Tom is also hopelessly romantic as is shown by his infatuation with Becky Thatcher, the new girl in school. Tom reacts in the only way he knows how by showing off and generally getting into trouble. Their childish relationship is touchingly portrayed by Twain and he manages to portray how much it means to both of them without being patronising or overly sentimental.

Tom and Huck get into many scrapes. Having accompanied Huck to the graveyard to witness some superstitious ritual, they actually see a grave being robbed. When the robbery goes badly, Dr Robinson is killed by Injun Joe who flees the scene, leaving his accomplice, Muff Porter to take the blame. The boys swear they will not tell. There is a good deal of tension while Porter is in jail and then on trial for a murder he did not commit. In the end, Tom does the right thing and tells the truth. Porter is freed but there is no sign of Injun Joe.

Later on, Huck and Tom go searching for treasure and instead come across Injun Joe and his stash of stolen money. They resolve to find out where he is going to hide his money. While watching Injun Joe, Huck stops an attack on the Widow Douglas and becomes a hero. Meanwhile Tom and Becky get lost on a picnic and end up in a network of caves where they almost dies. During this, Tom is horrified to discover Injun Joe is in the caves with them.

Eventually, Tom finds a way out and as a precautionary measure the caves are sealed up. Tom is horrified and has to confess that he saw Injun Joe in the caves.
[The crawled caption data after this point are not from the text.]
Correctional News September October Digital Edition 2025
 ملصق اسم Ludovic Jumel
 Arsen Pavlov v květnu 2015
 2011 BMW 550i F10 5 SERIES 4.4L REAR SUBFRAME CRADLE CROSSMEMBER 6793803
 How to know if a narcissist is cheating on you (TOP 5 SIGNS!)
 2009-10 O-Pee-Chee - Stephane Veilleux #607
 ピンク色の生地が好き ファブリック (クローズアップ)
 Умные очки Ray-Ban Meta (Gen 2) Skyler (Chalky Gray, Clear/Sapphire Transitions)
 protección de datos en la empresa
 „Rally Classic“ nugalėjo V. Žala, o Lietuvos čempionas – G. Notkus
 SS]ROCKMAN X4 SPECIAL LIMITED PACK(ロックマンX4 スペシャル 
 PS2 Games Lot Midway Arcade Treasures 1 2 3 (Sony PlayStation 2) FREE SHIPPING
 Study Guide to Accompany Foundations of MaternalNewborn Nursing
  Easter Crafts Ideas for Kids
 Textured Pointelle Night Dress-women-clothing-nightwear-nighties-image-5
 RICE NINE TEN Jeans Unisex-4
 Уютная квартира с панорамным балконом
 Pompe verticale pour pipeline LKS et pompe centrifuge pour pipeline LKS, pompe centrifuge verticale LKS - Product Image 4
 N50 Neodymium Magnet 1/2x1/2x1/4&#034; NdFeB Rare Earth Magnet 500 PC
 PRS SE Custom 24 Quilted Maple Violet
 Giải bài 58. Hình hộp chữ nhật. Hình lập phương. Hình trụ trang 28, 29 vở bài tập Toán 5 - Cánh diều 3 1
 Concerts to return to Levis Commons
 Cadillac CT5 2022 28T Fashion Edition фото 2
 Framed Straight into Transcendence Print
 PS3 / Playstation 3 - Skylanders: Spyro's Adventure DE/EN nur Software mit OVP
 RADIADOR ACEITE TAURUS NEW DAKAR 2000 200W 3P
Twain does not skimp on details that show how horrible his death must have been although there is little sympathy for him as he is a thief and a murderer.

Tom and Huck then sneak back into the caves and find the money which has been stolen. They have enough money to keep them comfortable for the rest of their lives. Huck has also been adopted by the widow and is finding civilisation a little uncomfortable. It is amusing – and I’m sure most young boys would sympathise – to find Huck sleeping in a barn again in his old scruffy clothes.

Twain has been accused of racism and the whole character of Injun Joe makes for slightly uncomfortable reading. Twain lets his characters speak their minds and they are not very open minded when it comest to native Americans. However, this does not mean Twain is racist. Authors are not synonymous with their characters and there is no doubt that characters such as these would have held these attitudes. More concerning is the portrayal of Injun Joe as completely unsympathetic and as Twain does not offer an alternative perspective, the character’s views are never challenged. Although Twain was an ardent supporter of abolition, he didn’t extend this to Native Americans and his views were much harsher. It is hard to know how judgmental to be and it is unfair to judge a man by standards not of his time. However, if he could see that Blacks should have equality, then it seems strange that he could not extend this to the Native Americans.  It certainly makes the book less enjoyable.